Ethereal things, clouds, shadows, patterns in the sand, gleams and dreams – I found there’s reality to them.
For seven months of the year my home is a tent on the banks of the upper Ganga river. A magical place to live. I woke up this morning with an immense bubble of pure, joyful glee in my throat. Hugging myself and grinning at the leaf shadows dancing on the walls of my tent. I needed very much to share it.
One of my oldest dreams was to live some place that had both mountains and the sea ( as in beaches, surf, swimming, walks through the forest, mist in the valleys). Now as I look outside, there’s a huge beach of silver white sand, the blue green water of the river and early morning mist on the mountains. It’s not the sea, but it sure is very like my dream come true.
Another of the numerous things I dreamt about was learning how to kayak, properly. I can kayak, I know how to sit in it and keep it balanced. Also move it in the direction I want. But, I want to be able to dance through the water, be part of the river, currents, waves. I just haven’t pushed hard enough to learn. It’s that same questioning guilt thing – is it important enough, isn’t there more that needs doing, do I have the time? I don’t have a spray skirt, the waters’ too cold, my arms aren’t powerful enough!
Today the cracked red kayak sits before me on the sand, the sun’s sparkling on the water, there’s nobody in camp to feed my fears and the waves are inviting me to dance. I stop thinking, grab a life jacket, strap on a helmet, push the beautiful craft into the water and paddle away. I am headed for that little rapid upriver from camp. It has rained last night, the water level is up, but my fears and questions are gone. I am going dancing.
This cracked red boat slaps merrily through the little swells – a boil catches the tail, swings us into a perfect pirouette. The bow goes up, the stern dips gracefully, my heart does a somersault and we glide onward.

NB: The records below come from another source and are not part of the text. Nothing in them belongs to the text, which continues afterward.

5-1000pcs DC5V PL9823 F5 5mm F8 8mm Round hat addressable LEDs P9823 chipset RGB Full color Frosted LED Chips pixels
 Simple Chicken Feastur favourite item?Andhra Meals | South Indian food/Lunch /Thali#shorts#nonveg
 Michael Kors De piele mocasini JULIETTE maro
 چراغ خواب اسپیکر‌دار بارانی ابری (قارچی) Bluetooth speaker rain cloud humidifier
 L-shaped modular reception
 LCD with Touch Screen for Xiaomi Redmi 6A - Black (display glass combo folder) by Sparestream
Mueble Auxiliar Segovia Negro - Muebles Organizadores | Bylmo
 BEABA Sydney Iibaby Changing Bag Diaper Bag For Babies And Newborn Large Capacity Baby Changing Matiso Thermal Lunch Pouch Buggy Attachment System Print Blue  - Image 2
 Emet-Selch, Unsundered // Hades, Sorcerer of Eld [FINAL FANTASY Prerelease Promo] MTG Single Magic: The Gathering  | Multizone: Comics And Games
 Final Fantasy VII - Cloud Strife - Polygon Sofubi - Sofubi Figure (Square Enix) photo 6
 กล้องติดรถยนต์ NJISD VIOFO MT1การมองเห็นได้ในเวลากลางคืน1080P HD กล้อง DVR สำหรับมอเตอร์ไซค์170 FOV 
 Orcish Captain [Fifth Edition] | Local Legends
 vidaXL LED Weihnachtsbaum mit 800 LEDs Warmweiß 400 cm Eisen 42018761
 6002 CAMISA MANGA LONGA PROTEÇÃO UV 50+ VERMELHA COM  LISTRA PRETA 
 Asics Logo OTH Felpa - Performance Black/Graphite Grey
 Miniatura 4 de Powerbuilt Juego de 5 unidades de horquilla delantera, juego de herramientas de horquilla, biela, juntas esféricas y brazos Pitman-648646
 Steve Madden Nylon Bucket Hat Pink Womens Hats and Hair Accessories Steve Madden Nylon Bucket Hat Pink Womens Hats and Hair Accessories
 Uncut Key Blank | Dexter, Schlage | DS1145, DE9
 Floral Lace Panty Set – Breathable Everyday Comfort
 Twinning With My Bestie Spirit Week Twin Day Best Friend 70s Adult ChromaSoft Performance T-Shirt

Hugging the shore, dancing from rock to rock we go, our aim to hit the top of the rapid for the final riotious waltz down. The occasional errant current catches us for a naughty frolic, but my cracked kayak and I make it.
We sit parked behind a rock, watching those fat waves curl and flip, gathering our courage.
Four swift paddle strokes, point her nose, angle slightly left, lean downstream and whoopee – that huge wave kisses my cheek, floods into my skirtless kayak and into that wild waltz we swing. Spray in my face, the waves spin me around and toss me up. That lovely wallowing, water weighted boat puts her nose down, swishes her tail, surfs, swims, swings her hips and down the centre we come in the most joyful dance of all time – the river, the cracked red kayak and one un-learned kayaker.
When I learn how to do it, I’ll probably do worse. Today I danced with the river. It’s a high. That bubble of joy still fizzes in my throat as I shower in my makeshift stall – it’s hidden in a gully, the pipe hangs off a tree, I’m curtained by a wildly flowering vine of red flowers. Purple shadows on the hills, silver river, birds coming home to roost, the lamp glow from my tent and the first stars in the sky.
It keeps amazing me how powerful dreaming and nature can be.